B – Born 1998

Name: B

Born: 1998

Where Conceived: Esperance Hospital, Eastbourne

I found out I was donor conceived in my mid-twenties through the results of a commercial DNA test, which was a massive shock, to say the least.

At first, when I saw people on the DNA site who matched to me with such high levels of shared DNA, I assumed at first that these people were long-lost cousins that nobody in my family knows about, and then my next thought was that perhaps my dad had had an affair as these people had similar birth years to my own.

I messaged them (sounding very confused as I had to basically ask them how we were related!) and one got back in touch and told me he was conceived via a sperm donor. The reality then hit me like a huge, emotional avalanche. Growing up, I’d always felt a bit different, and couldn’t really put my finger on it, and now, suddenly, I had a reason to explain it. 

This person was my half-sibling, and I had matched with another one, as well as other people who turned out to be on the donor’s side. He also told me the name of my biological father, which I know some people struggle to find out due to the legislation around gamete donors depending on the years of donation.

It has been several months and I am still coming to terms with it all, and struggling to find the right time and words to talk to my parents about this. I really want to try to understand their reasoning for not telling me this very important truth in my life, as they have been so open with me about other things like telling me from an early age that I was an IVF baby.

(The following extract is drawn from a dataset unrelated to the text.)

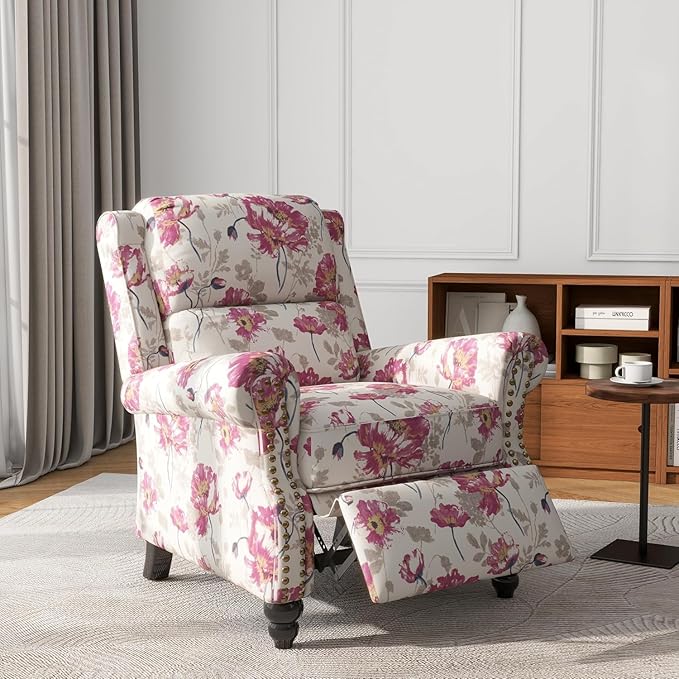 UIXE Floral Pushback Recliner Chairs Set of 2, Fabric Overstuffed Armchair Push Back Accent Chair for Living Room, Rivet Trim Club Chair Home Theater Single Sofa Bedroom Reading Seat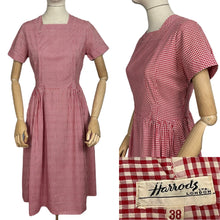 Load image into Gallery viewer, Original 1950's Harrods Red and White Gingham Dress with Pockets - Bust 36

There are a lot of feelings that come with all this: anger, sadness, confusion, happiness at finding true, biological relations but worry that a relationship may not develop. I have some health problems that have come out of the blue and could potentially have a genetic link, so I am angry that my true medical history has been denied to me my whole life.

Finding Donor Conceived UK has helped me in finding a community of people who understand my experiences, and I feel less alone in it all now. That being said, this is a journey that I am very much still at the beginning of, which is why support for donor conceived people is crucial.